If you were asked what you believed was at the heart of the Christian faith, what was essential to be believed, what would you say?

St. Paul put it this way: "I want to remind you of the gospel I preached to you, which you received and on which you have taken your stand. By this gospel you are saved.... This is what we preach, and this is what you believed." (1 Corinthians 15:1,2,11)

He is underlining what he considered the heart of his message, the essential core of his communication to them, which he received from the other apostles, and what he passed on to them of first importance. This is the foundation on which they have built their lives. This is the truth by which they are experiencing the salvation of God. This is the eternal reality which is transforming their lives. This is what they are to hold onto and never let go. Whatever else fails it is this which will pull them through. This is of first importance. What is it?

First, that Christ died for our sins according to the Scriptures. He took our place on the Cross and died so that we might be forgiven and made acceptable to God, and ourselves.

Secondly, that Christ was buried. He really died, and he really was buried. Despite being the Son of God he experienced all the sufferings and terrors of dying and death. He truly took upon himself our sinful and weak humanity.

Thirdly, that Christ was raised on the third day according to the Scriptures. He fulfilled the prophecies and defeated death and judgment on our behalf. His resurrection made it possible for all those who follow him to be victorious over sin, death and evil.

Fourthly, he appeared to Peter and then to the Twelve. He appeared not to gullible and expectant followers, but those who were depressed and disbelieving. Peter had denied him in the courtyard of the high priest. The other disciples were hiding for fear of following Jesus to death. Thomas wasn't there when Jesus appeared to the others, and had to be persuaded by the wounds in Jesus' hands and sides that he had indeed risen from the dead.

Fifthly, he appeared to more than five hundred of his disciples at the same time - probably in Galilee, where many of them had returned after the crucifixion - when the apostles gathered them together for a reunion. Luke tells us that Jesus "gave many convincing proofs that he was alive. He appeared to them over a period of forty days and spoke about the kingdom of God." (Acts 1:3) Most of these were still living when Paul wrote to the Corinthians so their testimony could be corroborated.
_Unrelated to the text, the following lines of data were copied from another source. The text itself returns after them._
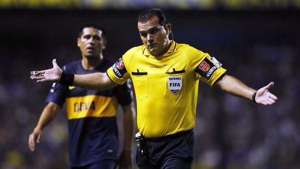 &Aacute;rbitro Carlos Amarilla tambi&eacute;n perjudic&oacute; a Ecuador (Video)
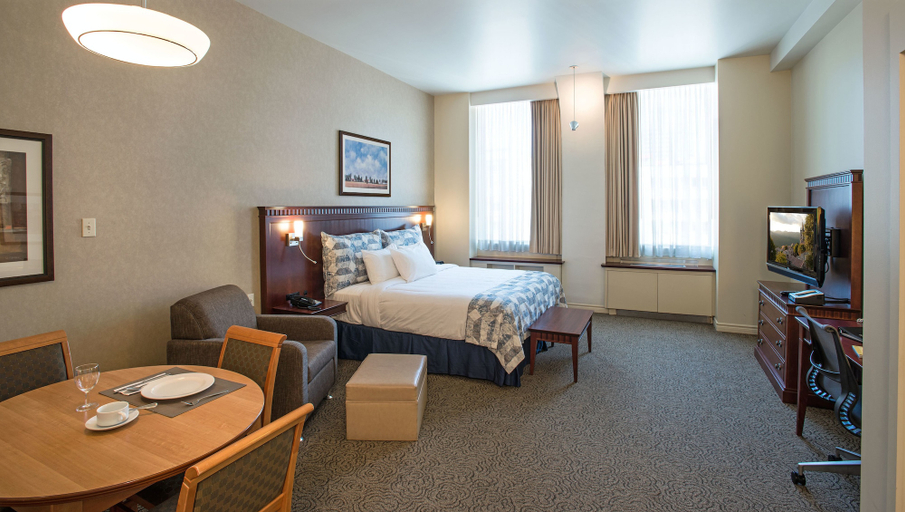 Bedroom 3, Le Square Phillips Hotel And Suites, Montréal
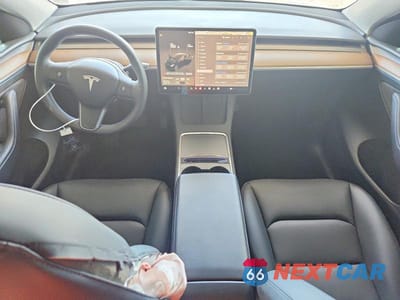 Zdjęcie 8 z 13 samochodu: 2024 TESLA MODEL Y VIN:7SAYGDED5RF096775 - miniatura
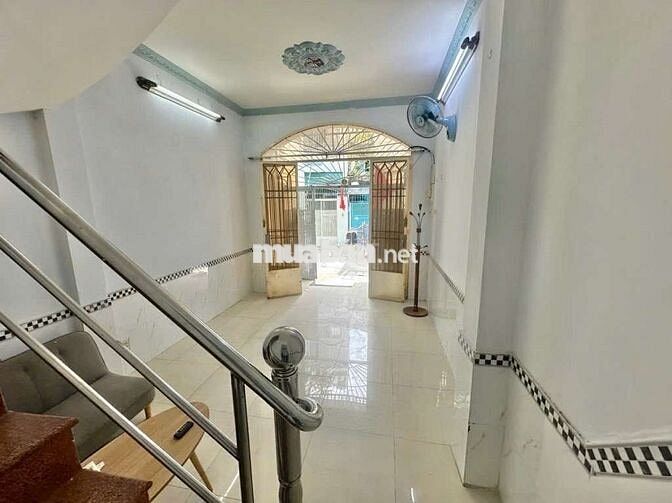 NHÀ ĐẸP 2 LẦU KIÊN CỐ - 35M2 (3.5 x 10) - CHO THUÊ 12TR - HẺM 3 GÁC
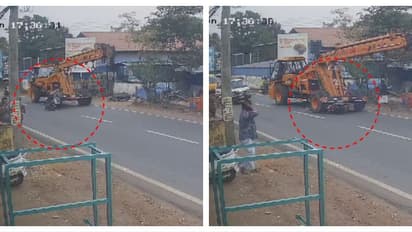 ഓടിക്കൊണ്ടിരുന്ന ക്രെയിനിനെ മറികടക്കാൻ ശ്രമം: പെരുമ്പാവൂരിൽ സ്കൂട്ടർ യാത്രികരായ ദമ്പതികൾക്ക് ഗുരുതര പരിക്ക്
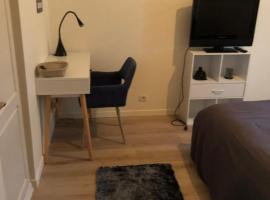 Chambre privée Triel-sur-Seine, hotel con parking en Triel-sur-Seine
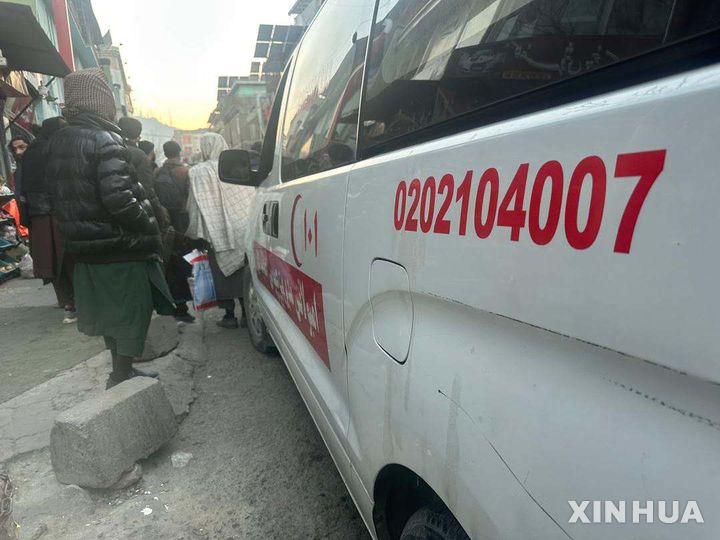 [카불=신화/뉴시스] 아프가니스탄 수도 카불 중심가에 위치한 한 중국 식당에서 19일(현지 시간) 폭발이 발생해 최소 7명이 숨지고 10여 명이 부상을 입었다. 사망자 가운데는 중국인 1명도 포함됐다. 폭발 직후 현장에 구급차가 도착해 있는 모습. 2026.01.20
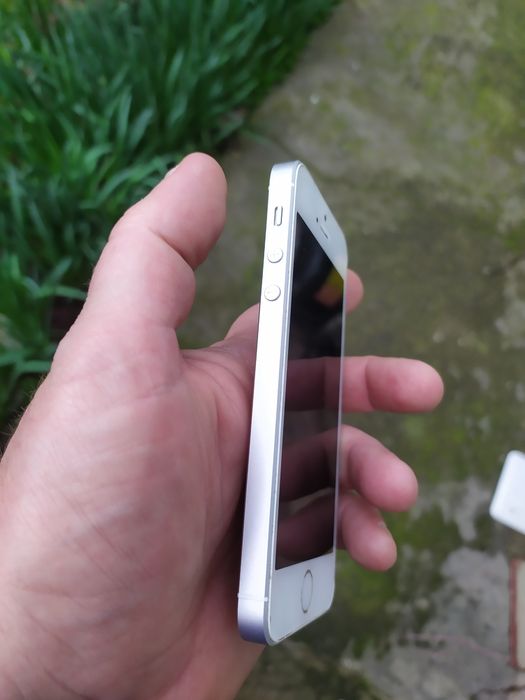 Телефон iPhone SE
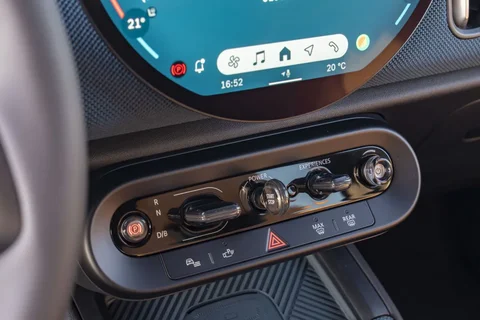 Mini Countryman E Classic 2024 view 9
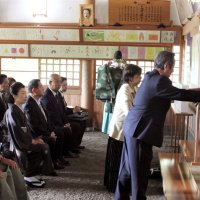 ふぐ供養祭に全国から４０人　日本唯一
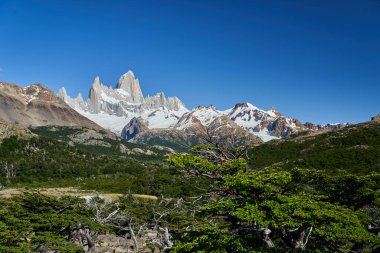 Fitzroy Dağı, Güney Arjantin, Patagonya, Güney Amerika 'da yüksek ve karakteristik bir dağ zirvesi ve turistler için popüler bir yürüyüş ve yürüyüş yeridir.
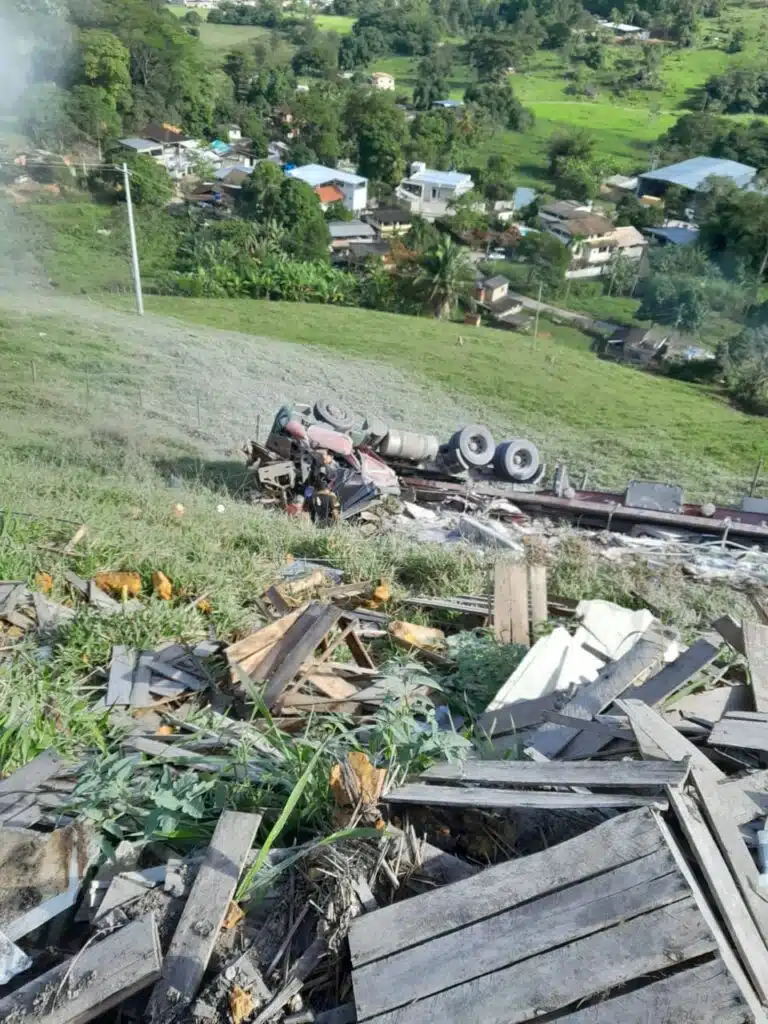 Carreta perde freios na “Curva da Morte” e cai em ribanceira na ES 164, em Cachoeiro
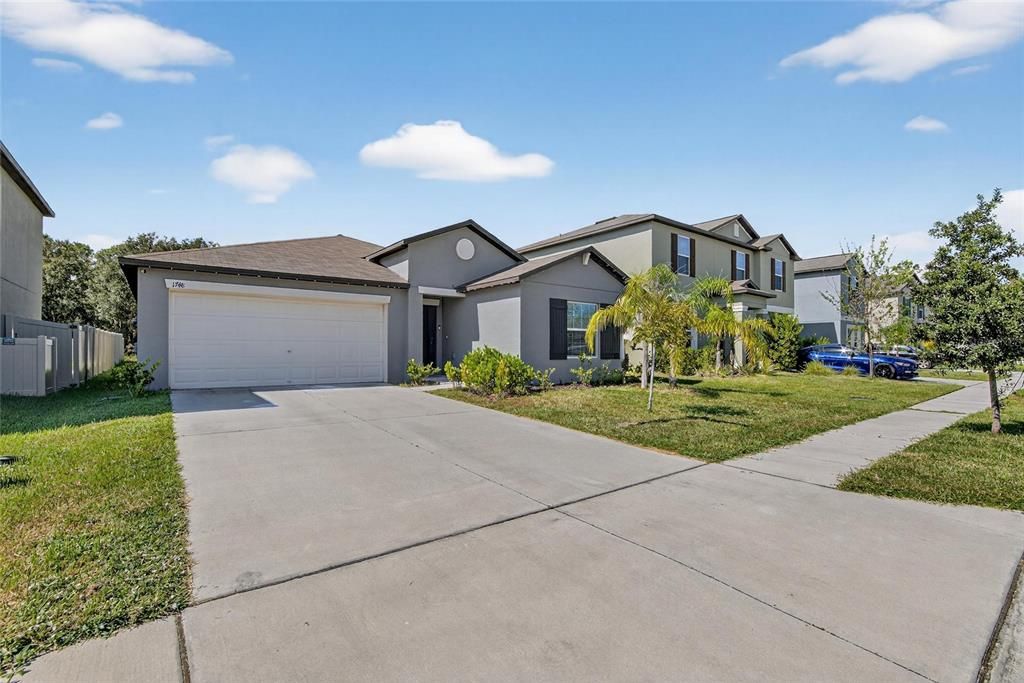 For Sale: $324,500 (4 beds, 2 baths, 1918 Square Feet)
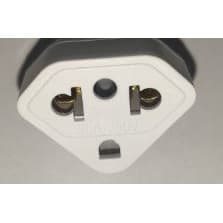 Adaptador De Tomada Benjamin Triangulo Plug 10A E 20A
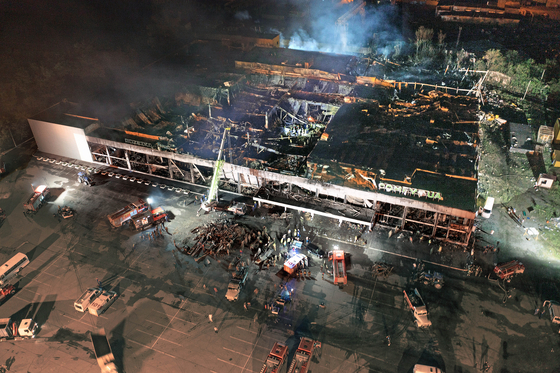 올해 6월 27일(현지시간) 러시아군의 미사일 공격으로 파괴된 우크라이나 산업도시 크레멘 추크시의 쇼핑몰. 이날의 폭격으로 민간인 수십 명이 숨졌다. [AP=연합뉴스]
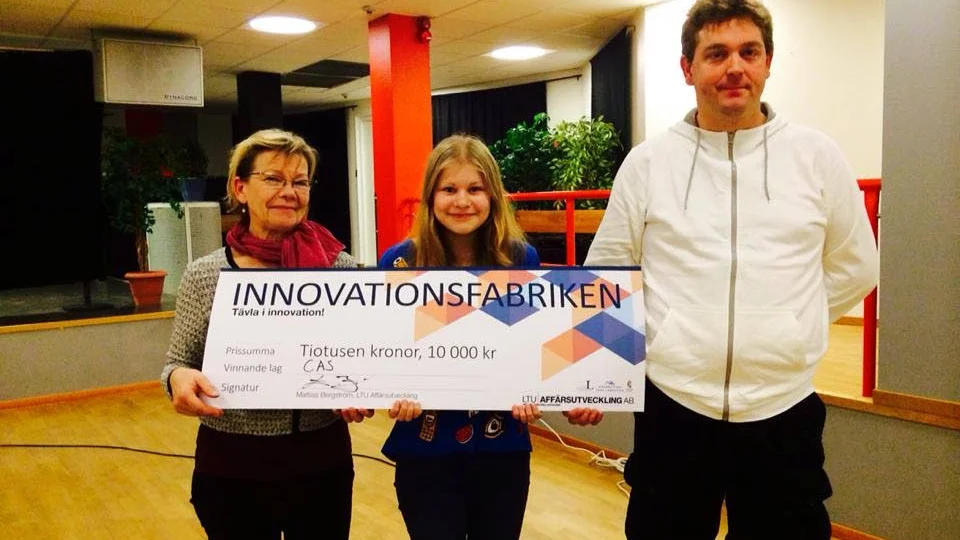 VINNARE. Seija Fallemark, Clara Lundmark och Andreas Lennerö.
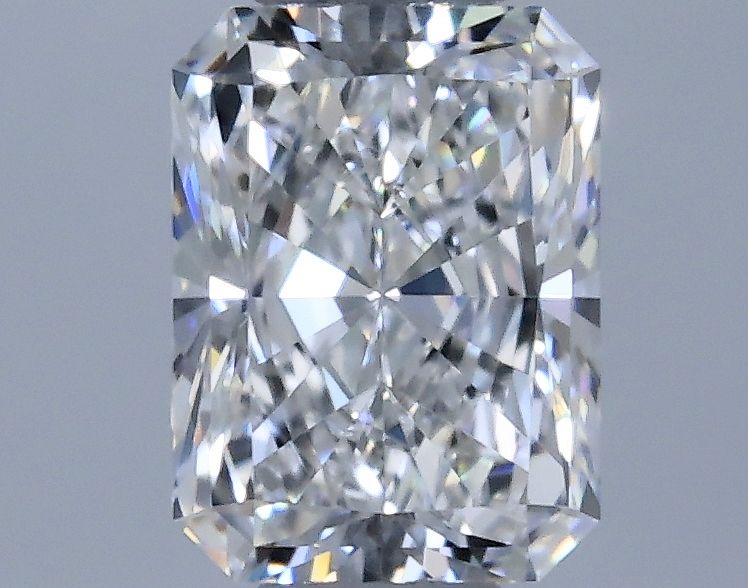 Prírodný diamant radiant,...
Sixthly, he appeared to James, then to all the apostles. James was his half-brother who would have been the last to believe that Jesus could do anything miraculous. He thought Jesus was out of his mind when he began his ministry (Mark 3:21). His brothers did not believe in his claims to be the Son of God. (John 7:5) But Jesus came to him after the resurrection and James was persuaded and became the leader of the church in Jerusalem.

Seventhly, he appeared to Paul himself, an enemy and persecutor of the church, who supported the martyrdom of Stephen. We are told that he began to 'destroy the church. Going from house to house, he dragged off men and women and put them into prison." (Acts 8:3) This antagonist of the faith was arrested by Jesus on the road to Damascus, where he was going to continue his persecution. He was stopped in his tracks by a blinding light from heaven which flashed around him. This is how singer Johnny Cash described the appearance in his novel of St. Paul, entitled Man in White.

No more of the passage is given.